In every circumstance, running was something that had to be done either in competition with others, or in unison as a group. There was always a very high expectation to run at a certain speed, which can be incredibly difficult when your bronchial tubes close up and leave you gasping for your life source.
Sometimes I’d fall behind, no longer being able to take in enough oxygen. The feelings of shame and inadequacy mounted. I’d never get this badge, or make this rank, or join this team because I couldn’t run for damn shit.
Surprisingly, I developed a negative association with running!
Digging deeper, it’s become so obvious anxiety has a big role to play when it comes to my running history. The more I felt the expectation to run a certain speed or pace, the more I wasn’t able to do that, I would inevitably psych myself out throughout a run and talk myself out of future runs. Even within a run, if I started running out of breath, the voice of anxiety would have me thinking all kinds of anxious thoughts (what if you faint right here in the park and wake us in a crackhouse?) and instead of slowing down, I’d just stop the run and go back home with my anxiety-ridden tail between my legs.
Why would anyone run when the whole time you’re thinking “I suck at this, I can’t do this”?
That being said, there were a few times in my life when I have tried to get back on the running train because I know it has so many benefits for physical and mental wellbeing. I also love the idea of going out and running on my own, knowing it’s an easy way to take care of my own fitness inexpensively, and without depending on anyone else to get it done.

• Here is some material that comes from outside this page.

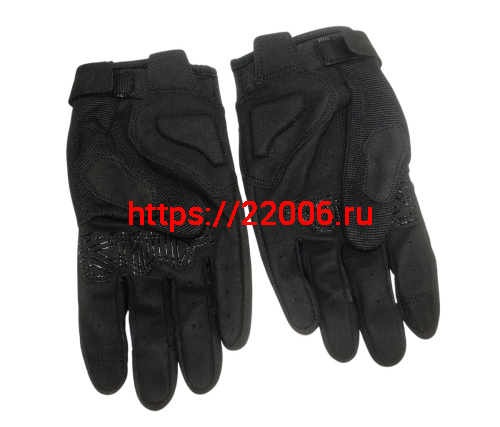 Перчатки PRO-BIKER MCS-66 (чёрные), р-р XL фото 2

It wasn’t until just recently, I discovered on my Headspace meditation app, a collaboration between Headspace and the Nike Run Club, where they offer guided runs – similar to the guided meditations I practice for mindfulness. Only this time, you add in the running element of it and badda-bing, badda boom, you get mindful running.

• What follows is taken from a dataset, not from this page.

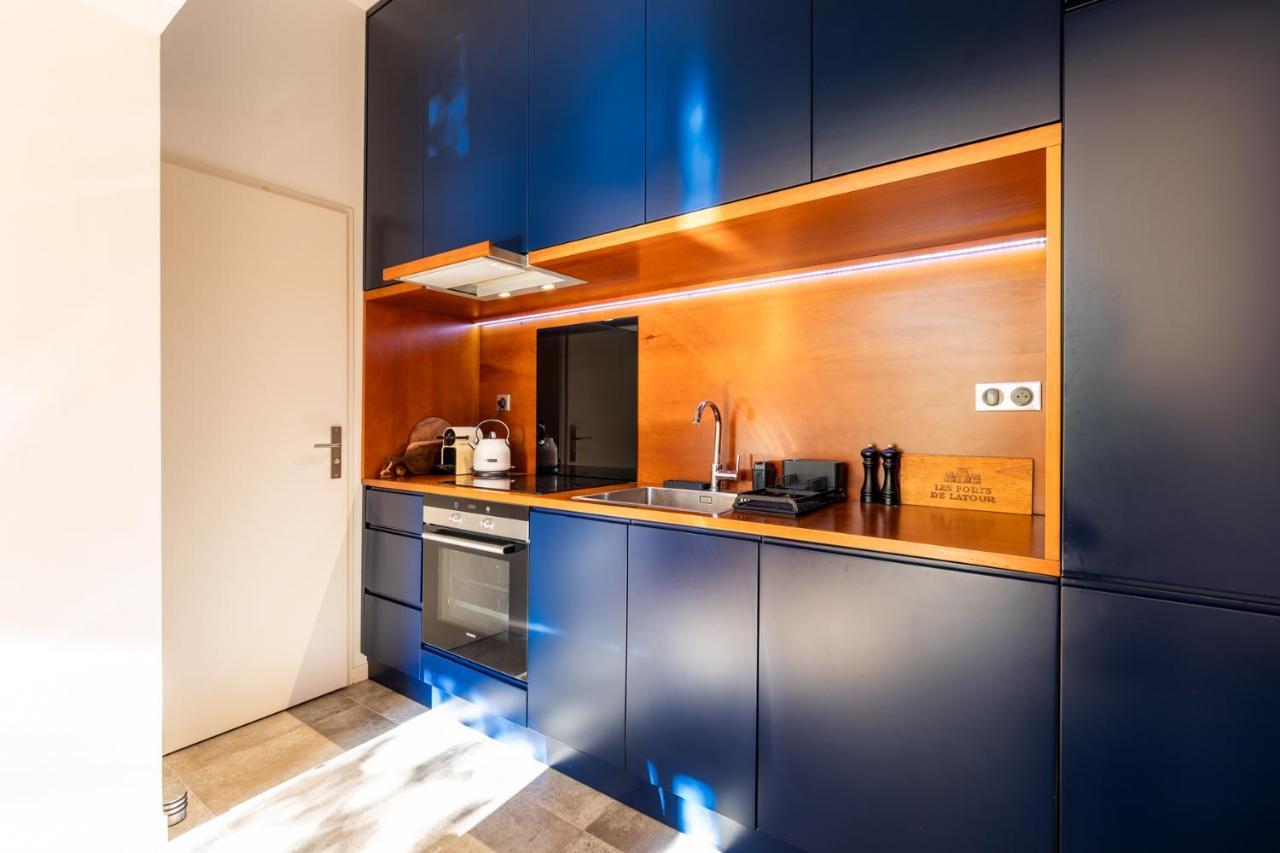 Appartement 50M2 Parfait Etat Avec Piscine Privee Бордо Экстерьер фото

I don’t mean for this to feel like an ad, but hot diggity dog is it a game-changer!
OMG Maybe I should make an app like this for someone’s first improv class. OK I digress…
Suddenly I have permission to run at my own pace, I give myself some grace for having difficult thoughts, and I’m encouraged to keep going instead of being shamed – as a result, I’m running further distances, challenging myself and more importantly, actually enjoying the activity and wanting to do it more.
It feels good not to feel bad going for a run!
In the Niagara Region, we have this gorgeous path all along the Welland canal, providing excellent views, friendly passers-by, and an overall quiet and peaceful setting for a great run. And now that gyms are open again, when the weather is too wet or chills down in these parts, it’ll be that much easier to get on a treadmill without fearing it – you know, kind of like Kevin and the furnace in his basement when he realizes it won’t hurt him.
It feels so stupid to write an entire post about one of the most common forms of exercise in humanity, but like anything in life, if we develop unhealthy relationships to things, even beneficial ones, it takes some work to get to a place where we can be present with it and accept it in a light that works for us.
So I’m happy to say I started running again. Not well, and not often, but I started nevertheless. And I am actually really, really enjoying it.